Foundation of Wallachia - Earliest voivodates in Medieval Documents

Earliest voivodates in Medieval Documents

After the Mongol invasion, a great many (if not most) of the Cuman population left the Wallachian Plain, but the Vlach (Romanian) population remained there under the leadership of their local chiefs, called knezes and voivodes. In 1247, King Béla IV tried to bring the Knights Hospitallers to the region and granted to them a number of territories in the “land of Severin”. The knights’ mission, however, proved to be a total failure (there is even no report whether they occupied their posts), but the royal charter for the knights, dated June 2, 1247, lists four autonomous territorial-administrative units (kenezates) in Oltenia and western Muntenia.

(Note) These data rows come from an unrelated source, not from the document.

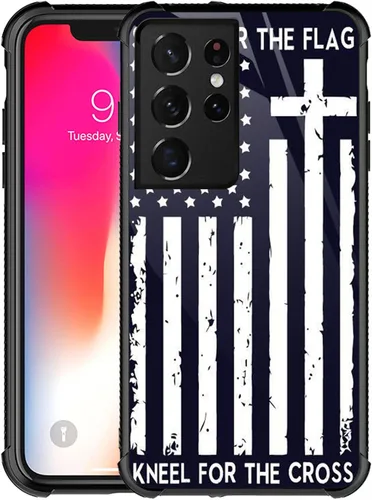 Vista 38 de Funda compatible con Samsung Galaxy S21, diseño de elefantes africanos, diseño increíble a prueba de golpes, antiarañazos, carcasa trasera
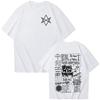 Bring MeThe Horizon Sommer Herren Baumwoll T-Shirt Y2K Hip-Hop Street Lässig Mode Komfort Kurzarm Kleidung Oberteil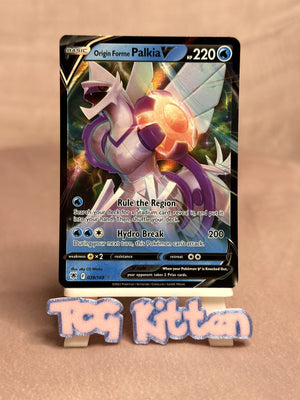 Origin Forme Palkia V - 039/189 Ultra Holo Astral Radiance NM Pokémon TCGKITTEN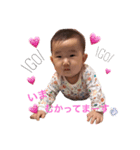 可愛いこあちゃんです。ぜひ使ってね！（個別スタンプ：1）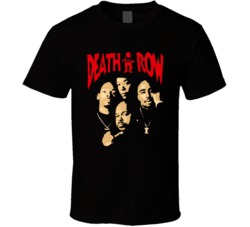 Cool Death Row Hip HOP T Shirt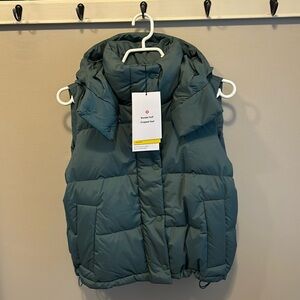Lululemon Wunder Puff Cropped Vest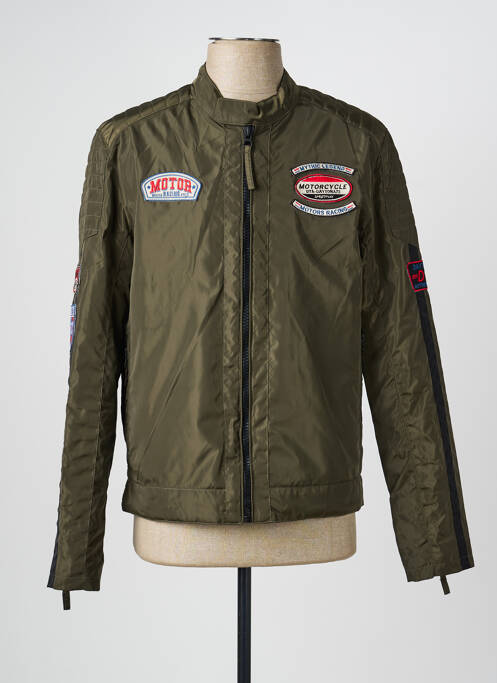 Geacă mâneci lungi verde DAYTONA homme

Two of them, the kenezates of Johannes and Farcaş were given to the Knights Hospitallers. But the kenezates under Litovoi and Seneslau were exempted from the grant, and the royal charter expressly stipulated that they were to be left “to the Vlachs as they had owned it until now”. On the other hand, the royal charter also describes that Voivode Litovoi's rule had extended on the northern side of the Transylvanian Alps into the Hunedoara region, but the king removed this territory from Litovoi’s authority in 1247; thenceforward Litovoi’s kenezate was restricted to the Oltenian part of the Jiu valley. Voivode Seneslau held the territories of central and southern Muntenia on the banks of the rivers Argeş and Dâmboviţa.

After the failure and disappearance of the Hospitallers, the history of the region is shrouded in obscurity for decades. But the trend toward the unification of the Romanian polities seems to begin with Voivode Litovoi. He (or his namesake son) was at war with the Hungarians and killed in battle sometime between 1270 and 1280. In the battle, his brother, Bărbat was captured. Bărbat was forced not only to pay ransom but also to recognize Hungarian rule.